» What you are asked to do: Look below for the line containing "Femelle Kadın Beyaz"; from there, print each line exactly up to and including the line containing "叠穿针织马甲女2024秋季新款百搭圆领套头背心坎肩外搭无袖毛衣商品大图", and stop.

» Data in this exercise:

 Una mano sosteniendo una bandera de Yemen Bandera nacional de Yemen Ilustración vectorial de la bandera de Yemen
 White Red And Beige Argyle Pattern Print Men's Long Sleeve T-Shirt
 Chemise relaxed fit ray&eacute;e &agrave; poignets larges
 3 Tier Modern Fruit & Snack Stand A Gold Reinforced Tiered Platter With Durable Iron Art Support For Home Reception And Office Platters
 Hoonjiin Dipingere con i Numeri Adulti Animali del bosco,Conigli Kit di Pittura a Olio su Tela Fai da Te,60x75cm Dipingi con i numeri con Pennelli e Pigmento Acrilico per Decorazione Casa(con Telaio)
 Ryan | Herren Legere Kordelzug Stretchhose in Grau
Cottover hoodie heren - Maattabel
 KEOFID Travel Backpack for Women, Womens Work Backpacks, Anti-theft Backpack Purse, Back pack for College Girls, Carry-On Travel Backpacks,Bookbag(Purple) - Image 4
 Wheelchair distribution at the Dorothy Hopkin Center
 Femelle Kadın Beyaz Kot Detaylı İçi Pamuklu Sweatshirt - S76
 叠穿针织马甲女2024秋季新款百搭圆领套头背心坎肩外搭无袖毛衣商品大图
--
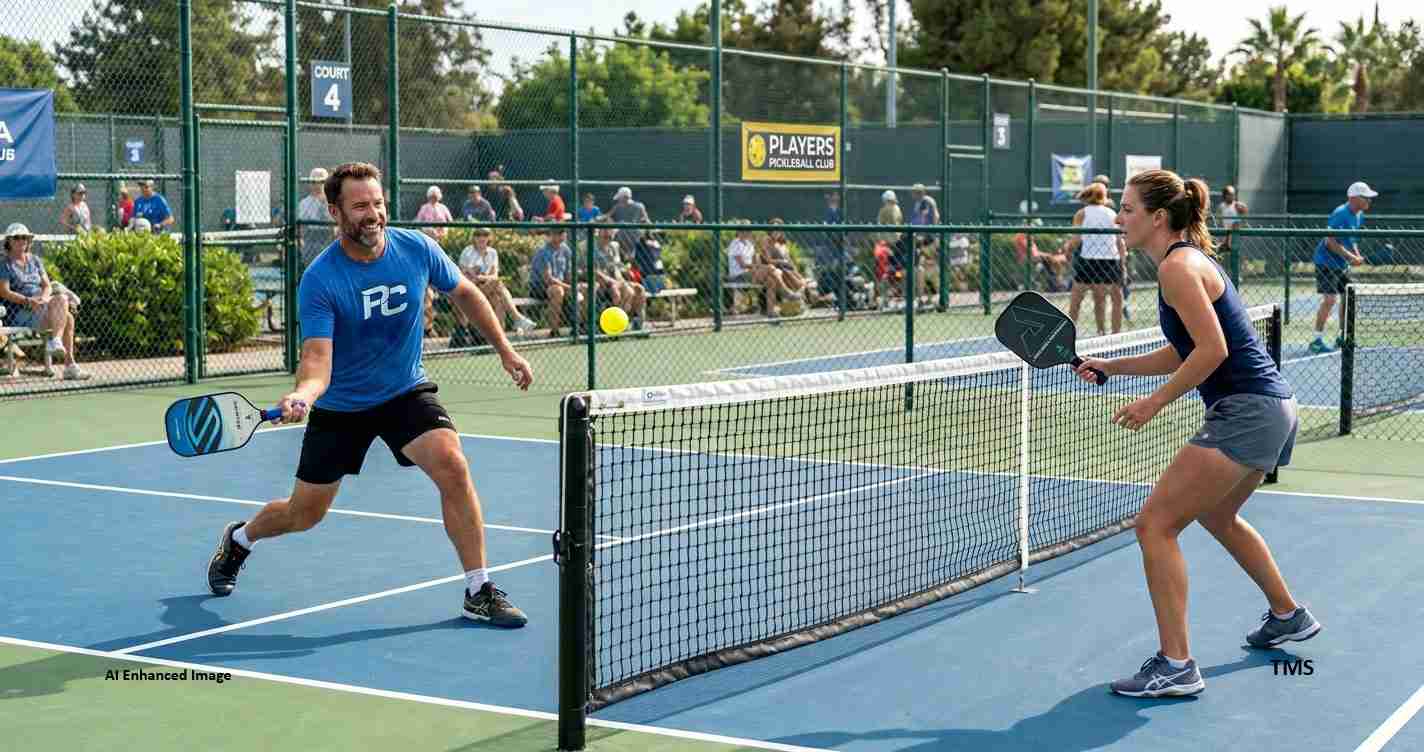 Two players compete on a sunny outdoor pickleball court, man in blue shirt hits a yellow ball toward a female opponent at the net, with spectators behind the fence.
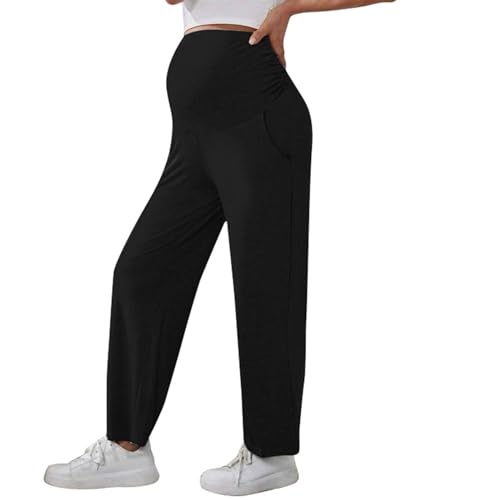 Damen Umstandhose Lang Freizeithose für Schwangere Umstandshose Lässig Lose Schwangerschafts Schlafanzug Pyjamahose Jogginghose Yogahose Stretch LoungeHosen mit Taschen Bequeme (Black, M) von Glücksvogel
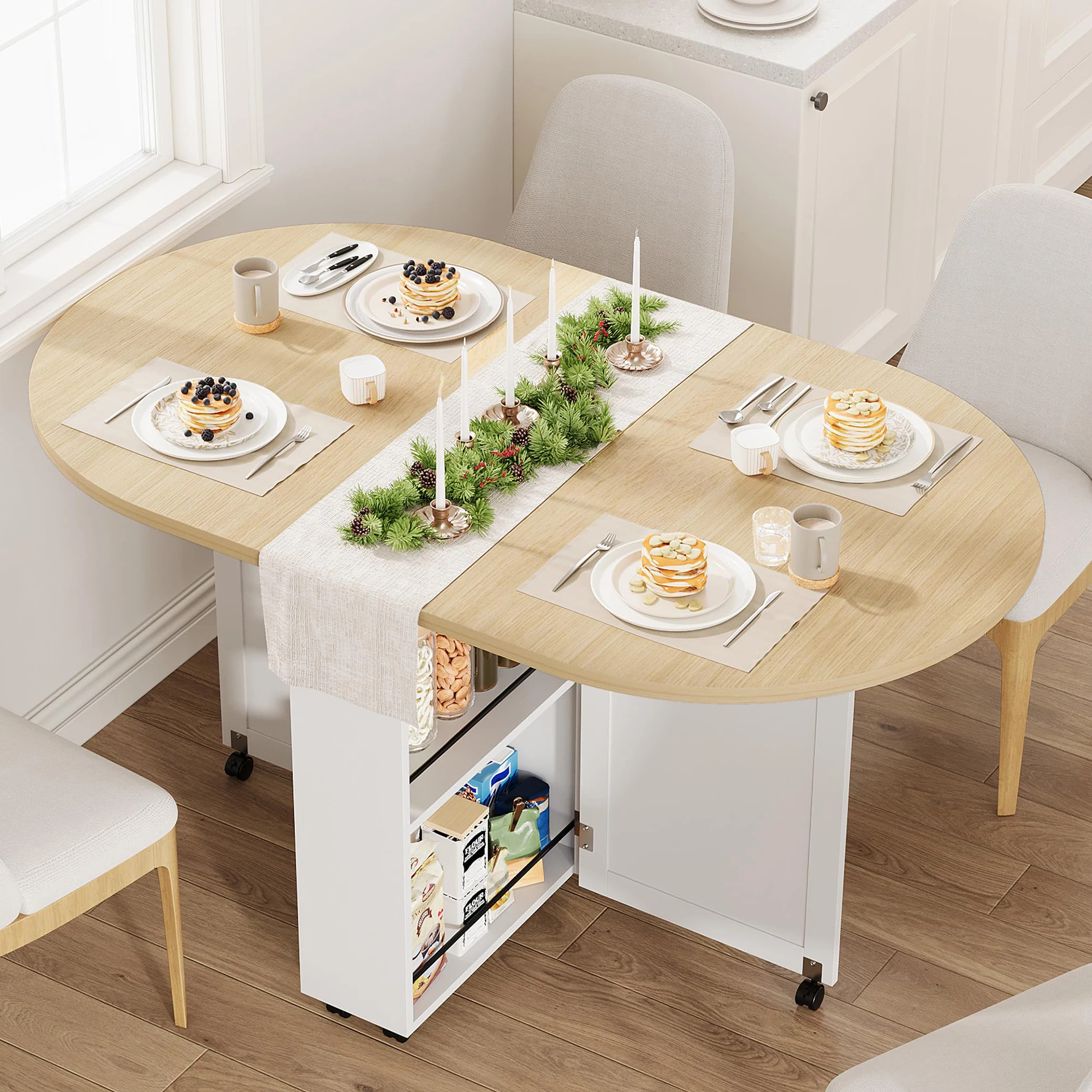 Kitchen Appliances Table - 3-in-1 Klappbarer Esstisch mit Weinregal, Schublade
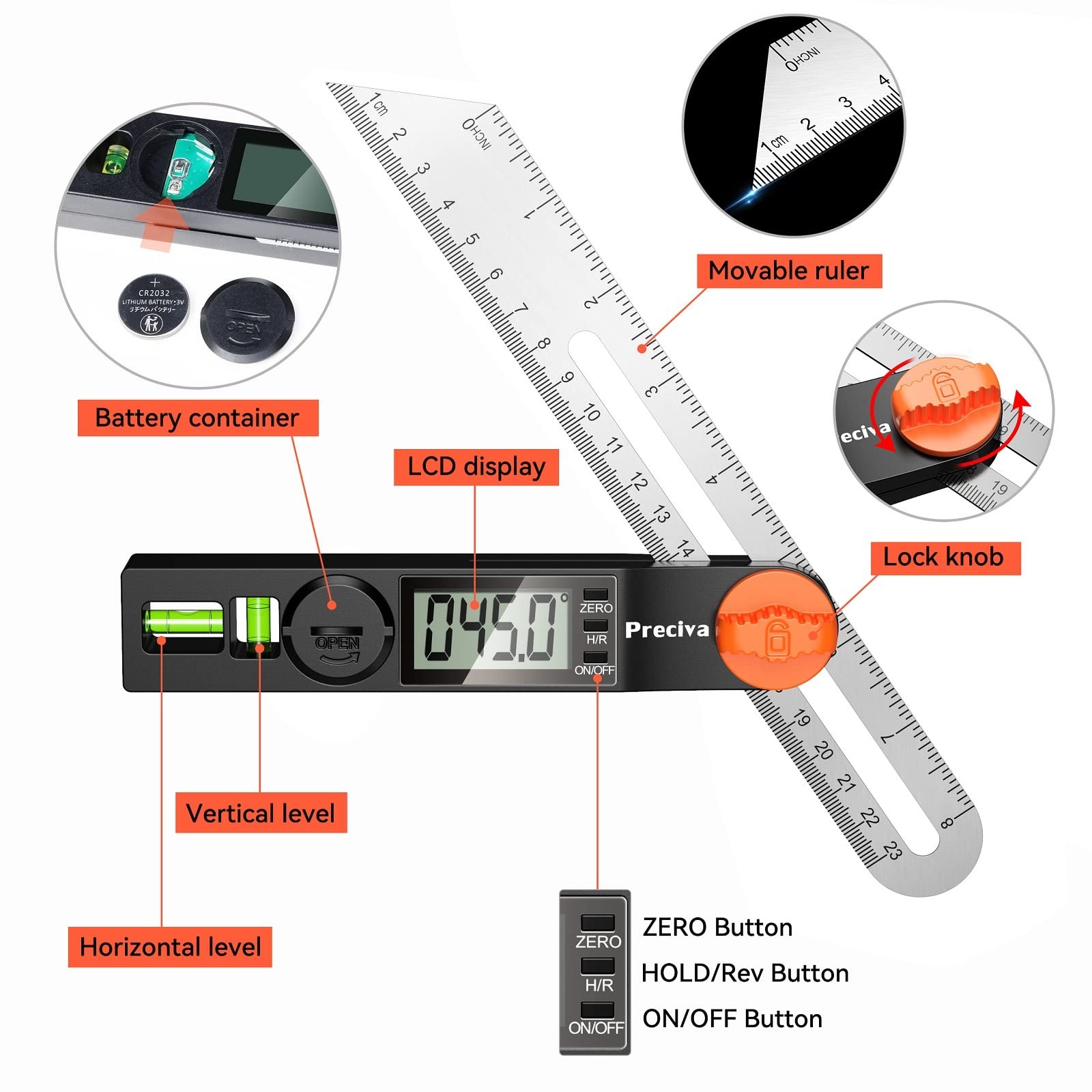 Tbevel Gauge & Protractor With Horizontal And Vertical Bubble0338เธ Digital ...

» Written solution:
 Femelle Kadın Beyaz Kot Detaylı İçi Pamuklu Sweatshirt - S76
 叠穿针织马甲女2024秋季新款百搭圆领套头背心坎肩外搭无袖毛衣商品大图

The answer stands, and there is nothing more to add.